**EXERCISE**
For this exercise, reproduce only the lines from the one holding "this 640×425 image." through the final line of the data below, exactly, and omit pictures.

**RECORDED DATA**

↓↓↓

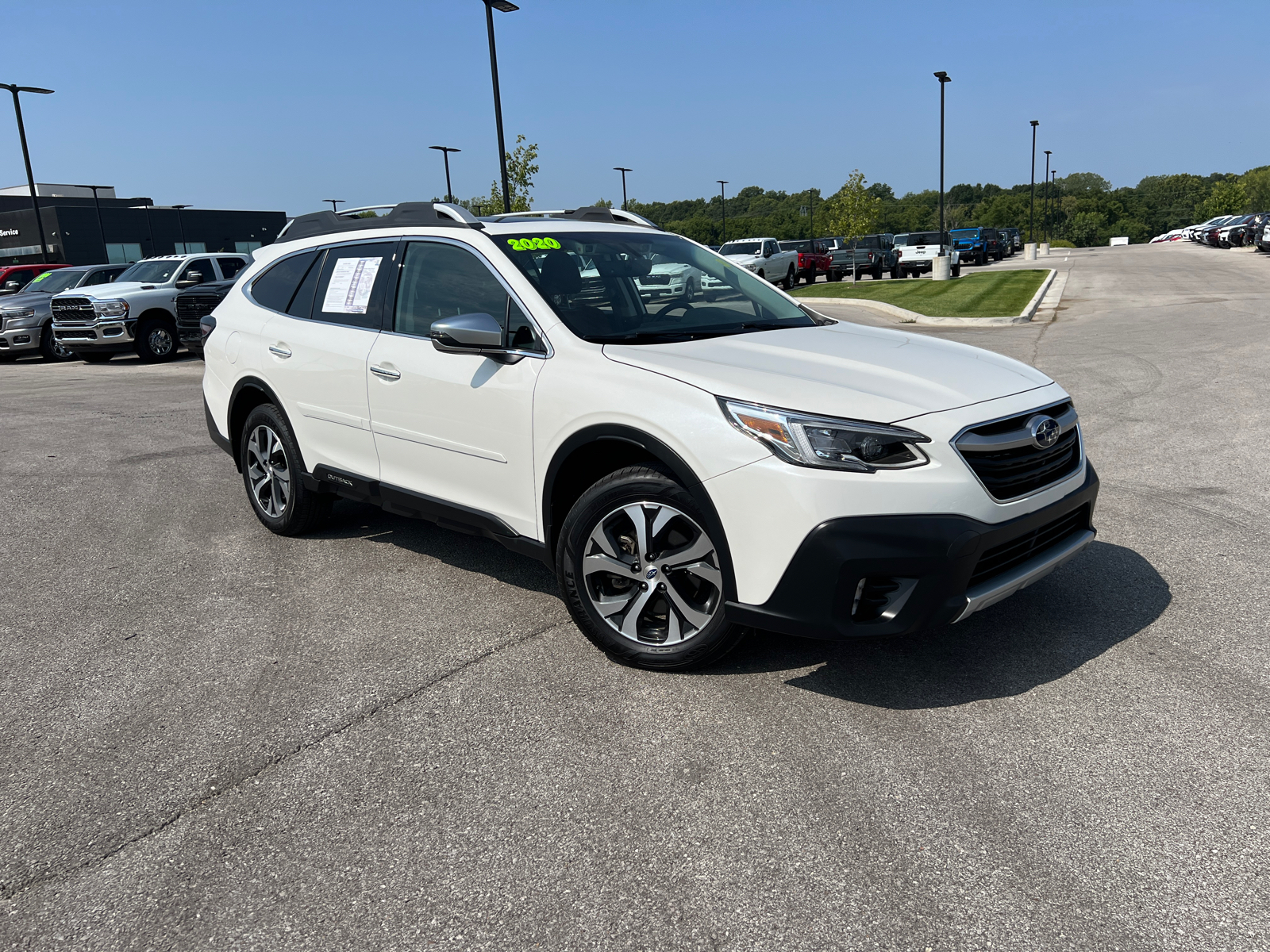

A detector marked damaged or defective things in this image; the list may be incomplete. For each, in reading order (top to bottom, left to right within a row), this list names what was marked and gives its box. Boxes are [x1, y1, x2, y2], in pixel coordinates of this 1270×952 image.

cracked asphalt [0, 242, 1264, 949]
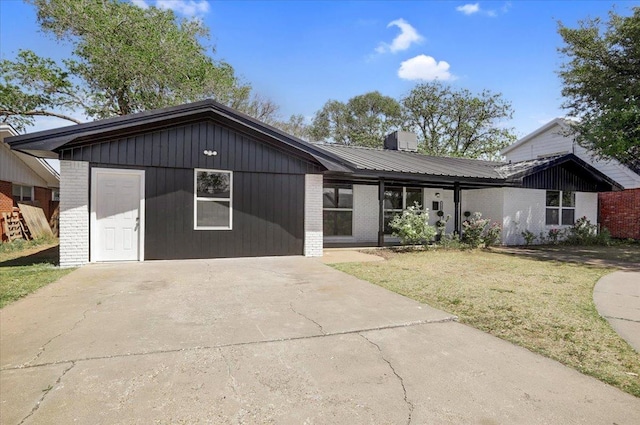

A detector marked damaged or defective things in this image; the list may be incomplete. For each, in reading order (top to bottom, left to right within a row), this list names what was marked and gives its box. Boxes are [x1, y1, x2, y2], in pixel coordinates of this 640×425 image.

crack in concrete [22, 292, 120, 368]
crack in concrete [2, 314, 458, 372]
crack in concrete [290, 302, 324, 334]
crack in concrete [17, 362, 75, 424]
crack in concrete [358, 332, 412, 422]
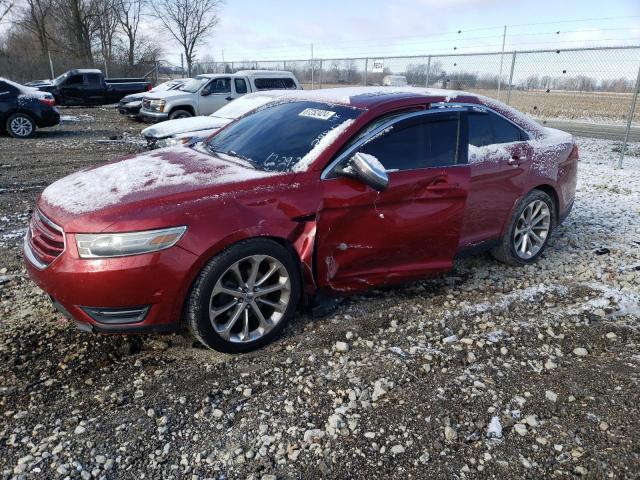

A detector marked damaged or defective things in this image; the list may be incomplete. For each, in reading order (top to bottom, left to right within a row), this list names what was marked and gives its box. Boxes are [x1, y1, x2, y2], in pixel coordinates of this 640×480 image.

damaged red sedan [25, 87, 576, 352]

↑↑↑

**WRITTEN ANSWER**
A detector marked damaged or defective things in this image; the list may be incomplete. For each, in reading order (top to bottom, left to right within a row), this list names what was marked and gives its box. Boxes are [x1, y1, x2, y2], in pixel coordinates of this 640×425 image.

crack in concrete [22, 292, 120, 368]
crack in concrete [2, 314, 458, 372]
crack in concrete [290, 302, 324, 334]
crack in concrete [17, 362, 75, 424]
crack in concrete [358, 332, 412, 422]

A detector marked damaged or defective things in this image; the list may be incomplete. For each, in reading order (top to bottom, left to right within a row), this list names what was marked and gives its box. Boxes are [x1, y1, x2, y2], in pixel coordinates of this 640×480 image.

damaged red sedan [25, 87, 576, 352]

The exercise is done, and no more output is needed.